There are days – weeks! years! – when it is so tempting to despair.
To slip into resignation like an old shirt, dingy and stained, far from flattering, but oh so easy. Comforting in its utter lack of responsibility.
:: Perhaps you look at the government of your country and wonder how people elected to serve could be so short sighted and venal.
:: Or the famine in the Horn of Africa is too much for you to bear witness to.
:: Or the latest report on the state of our oceans frays your last hopeful nerve.
:: Or something closer to home freights your heart: a sick beloved, frightening debt, an injury that just. won’t. mend.
The temptation, at least for me, in these oppressive moments, is to shrilly talk about what should be done with the economy / London / Africa / so-and-so’s health until I collapse in resignation.
I caught myself doing a “Things are so horrible!” rant at Bob yesterday when poof! mid-sentence, I stopped. (No small feat for me. I do so love to rip a good rant.)
I thought, “Complaining is not helping anything. It just exhausts me.”

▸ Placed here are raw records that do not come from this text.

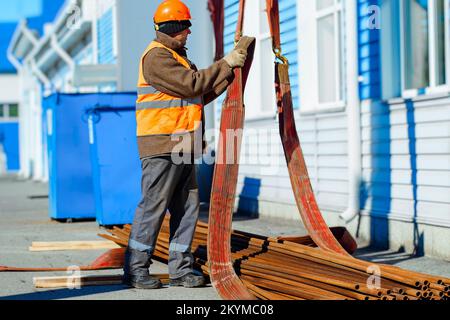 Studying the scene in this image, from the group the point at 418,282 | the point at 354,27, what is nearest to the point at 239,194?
the point at 354,27

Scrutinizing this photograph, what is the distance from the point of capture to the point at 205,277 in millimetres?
7242

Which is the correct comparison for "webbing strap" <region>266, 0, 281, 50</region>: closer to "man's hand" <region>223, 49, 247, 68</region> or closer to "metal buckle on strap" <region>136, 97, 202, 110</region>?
"man's hand" <region>223, 49, 247, 68</region>

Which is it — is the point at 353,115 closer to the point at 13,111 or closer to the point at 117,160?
the point at 117,160

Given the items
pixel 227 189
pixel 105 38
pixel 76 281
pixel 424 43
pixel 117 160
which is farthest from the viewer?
pixel 105 38

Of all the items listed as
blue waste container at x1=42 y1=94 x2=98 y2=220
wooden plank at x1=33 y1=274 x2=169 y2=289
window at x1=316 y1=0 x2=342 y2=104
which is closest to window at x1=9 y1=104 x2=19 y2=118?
blue waste container at x1=42 y1=94 x2=98 y2=220

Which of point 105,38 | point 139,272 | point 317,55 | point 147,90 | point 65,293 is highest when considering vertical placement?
point 105,38

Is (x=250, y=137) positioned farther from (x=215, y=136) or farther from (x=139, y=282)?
A: (x=139, y=282)

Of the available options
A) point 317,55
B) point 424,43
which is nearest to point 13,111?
point 317,55

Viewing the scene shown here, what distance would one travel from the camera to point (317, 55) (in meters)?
11.6

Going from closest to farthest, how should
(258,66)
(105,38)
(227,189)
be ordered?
(227,189), (258,66), (105,38)

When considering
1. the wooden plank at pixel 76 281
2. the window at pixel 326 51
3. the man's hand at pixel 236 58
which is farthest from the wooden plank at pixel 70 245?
the man's hand at pixel 236 58

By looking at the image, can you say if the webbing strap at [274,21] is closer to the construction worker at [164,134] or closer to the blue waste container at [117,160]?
the construction worker at [164,134]

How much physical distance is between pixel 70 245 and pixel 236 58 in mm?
3808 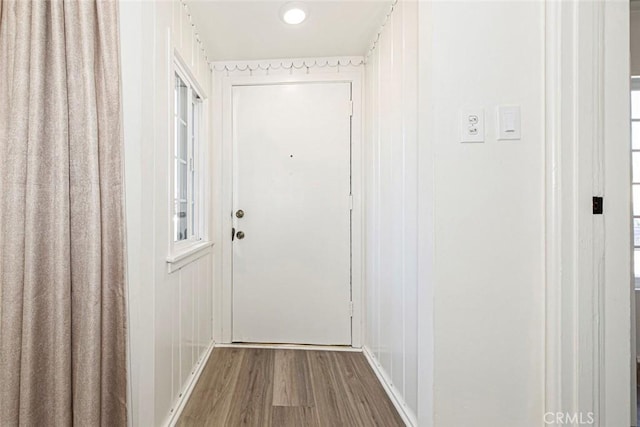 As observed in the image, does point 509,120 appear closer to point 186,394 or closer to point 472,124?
point 472,124

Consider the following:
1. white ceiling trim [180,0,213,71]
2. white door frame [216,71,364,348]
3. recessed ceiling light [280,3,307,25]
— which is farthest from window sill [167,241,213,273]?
recessed ceiling light [280,3,307,25]

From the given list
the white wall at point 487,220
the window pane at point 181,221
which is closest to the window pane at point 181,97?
the window pane at point 181,221

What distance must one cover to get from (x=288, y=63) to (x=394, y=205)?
4.81ft

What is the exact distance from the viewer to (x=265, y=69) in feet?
7.77

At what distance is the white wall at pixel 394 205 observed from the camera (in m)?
1.45

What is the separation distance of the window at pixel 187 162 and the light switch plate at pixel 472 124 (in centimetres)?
146

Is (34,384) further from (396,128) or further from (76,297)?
(396,128)

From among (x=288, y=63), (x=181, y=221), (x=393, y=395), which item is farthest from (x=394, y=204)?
(x=288, y=63)

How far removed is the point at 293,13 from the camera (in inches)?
70.2

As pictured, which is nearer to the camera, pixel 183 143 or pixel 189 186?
pixel 183 143

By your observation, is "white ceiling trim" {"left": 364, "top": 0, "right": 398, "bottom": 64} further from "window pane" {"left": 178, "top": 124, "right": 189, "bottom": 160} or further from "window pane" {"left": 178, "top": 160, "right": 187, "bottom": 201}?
"window pane" {"left": 178, "top": 160, "right": 187, "bottom": 201}

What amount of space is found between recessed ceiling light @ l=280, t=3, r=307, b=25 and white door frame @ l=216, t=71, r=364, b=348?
51 cm

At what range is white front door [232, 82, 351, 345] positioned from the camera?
7.73ft

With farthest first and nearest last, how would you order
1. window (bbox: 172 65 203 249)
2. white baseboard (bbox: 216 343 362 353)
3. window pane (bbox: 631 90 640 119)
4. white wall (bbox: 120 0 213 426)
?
white baseboard (bbox: 216 343 362 353)
window pane (bbox: 631 90 640 119)
window (bbox: 172 65 203 249)
white wall (bbox: 120 0 213 426)
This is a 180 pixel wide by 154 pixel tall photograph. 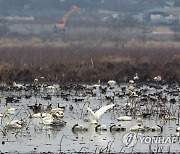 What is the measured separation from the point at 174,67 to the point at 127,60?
193 centimetres

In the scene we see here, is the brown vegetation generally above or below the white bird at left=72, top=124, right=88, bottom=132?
below

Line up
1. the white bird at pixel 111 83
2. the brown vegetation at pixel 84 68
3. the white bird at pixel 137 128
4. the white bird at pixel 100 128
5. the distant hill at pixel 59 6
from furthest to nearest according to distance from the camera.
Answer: the distant hill at pixel 59 6 < the brown vegetation at pixel 84 68 < the white bird at pixel 111 83 < the white bird at pixel 100 128 < the white bird at pixel 137 128

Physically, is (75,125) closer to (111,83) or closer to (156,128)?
(156,128)

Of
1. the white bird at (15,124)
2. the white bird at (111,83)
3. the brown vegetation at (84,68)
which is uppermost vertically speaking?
the white bird at (15,124)

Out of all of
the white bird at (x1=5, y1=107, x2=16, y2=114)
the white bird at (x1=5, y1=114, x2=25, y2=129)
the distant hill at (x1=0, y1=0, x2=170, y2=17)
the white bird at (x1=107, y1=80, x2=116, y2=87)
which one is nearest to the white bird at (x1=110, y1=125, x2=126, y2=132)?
Result: the white bird at (x1=5, y1=114, x2=25, y2=129)

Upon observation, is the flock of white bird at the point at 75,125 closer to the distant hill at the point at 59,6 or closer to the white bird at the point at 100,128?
the white bird at the point at 100,128

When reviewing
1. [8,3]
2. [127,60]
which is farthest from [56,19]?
[127,60]

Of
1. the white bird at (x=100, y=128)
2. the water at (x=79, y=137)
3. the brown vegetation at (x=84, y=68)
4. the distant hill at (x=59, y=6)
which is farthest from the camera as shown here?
the distant hill at (x=59, y=6)

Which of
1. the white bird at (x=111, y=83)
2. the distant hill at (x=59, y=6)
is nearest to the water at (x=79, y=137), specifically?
the white bird at (x=111, y=83)

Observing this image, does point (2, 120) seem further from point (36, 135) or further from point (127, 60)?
point (127, 60)

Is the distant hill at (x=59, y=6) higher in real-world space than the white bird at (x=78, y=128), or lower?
lower

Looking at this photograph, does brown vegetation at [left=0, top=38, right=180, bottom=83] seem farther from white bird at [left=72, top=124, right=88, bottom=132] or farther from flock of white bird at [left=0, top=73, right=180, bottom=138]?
white bird at [left=72, top=124, right=88, bottom=132]

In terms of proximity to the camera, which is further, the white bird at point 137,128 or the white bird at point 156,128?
the white bird at point 156,128

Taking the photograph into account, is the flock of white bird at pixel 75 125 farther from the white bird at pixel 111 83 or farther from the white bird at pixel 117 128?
the white bird at pixel 111 83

Then I asked the most wonderful question Susan Piver taught me,
“What kind of good can I do in the world today?”
Shazam! Resignation alchemized into desire. Powerlessness into action. Disconnection into connection.
Today my answer to What kind of good can I do in the world? is:
- Give more money for famine relief
- Give blood
- Call my mom and chat
- Be with my dear friend who is suffering heartbreak
- Ask you to listen to Bill McKibben’s heartening interview on climate change – yes heartening.
Resignation is poison. The opposite of resignation is desire in action.
What desires will you put into action today? Please share!